The “social contact hypothesis” states that the number of age-specific newly infected cases is proportional to the number of age-specific social contacts, with a proportionality constant, q, indicating the disease-specific infectivity (probability of infection per social contact) (31). This is reasonable because spatial proximity of social contacts acts as a proxy to that required for exposure to infection. Wallinga et al. (31) estimated q = 0.036 for an Asian influenza outbreak using age-specific numbers of weekly conversational contacts, and this is therefore applicable to close-contact transmission as defined here (types I + II). Correcting for the fact that weekly, not daily, contacts were used (see Web Appendix 2), we estimated q = 0.252. Corresponding values for physical contact (type I) transmission have not been reported. Consequently, we performed sensitivity analysis for physical touch, varying q from 0.252 to 0.756 (relative risk = 1–3), since physical touch is more likely to result in transmission than close contact. Two other assumptions of this model include that individuals are contacted randomly within age groups and that the aging of hosts can be ignored because the duration of influenza virus infection is much shorter than the life span of human hosts.

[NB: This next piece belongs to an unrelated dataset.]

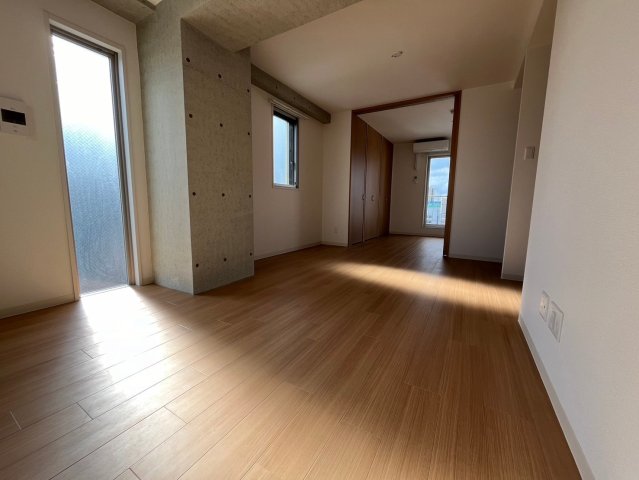 居室・リビング　teramachi box24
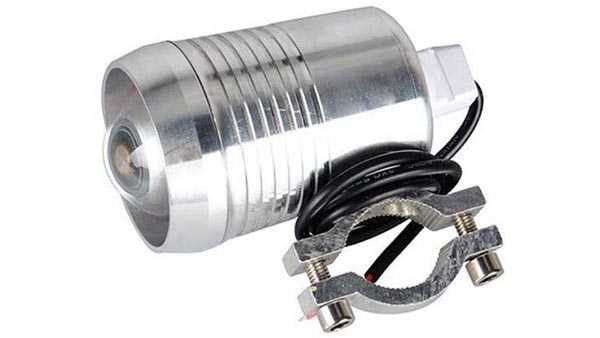 பைக் ஓனரை வைத்தே மின் விளக்கை உடைத்த ஈரோடு போலீஸ்.. அதிரடிக்கான காரணம் தெரிஞ்சா ஷாக் ஆய்டுவீங்க!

The age-structured model was constructed by partitioning the population under 45 years of age into nine 5-year age groups, with a tenth group for those aged 45 years or older. The number of newly infected individuals per infectious case was characterized by the “next generation matrix” N = (n_jk) = (qm_jk), where m_jk corresponded to the mean number of individuals from age group j a participant in age group k interacted with (through physical or close contact) in a single day (see Web Table 1). The number of individuals a participant met each day was determined from those diary contacts recorded as having been met for the “first time today.” This prevented individuals from being infected multiple times in a single generation of infection, so that the number of newly infected cases was not overestimated.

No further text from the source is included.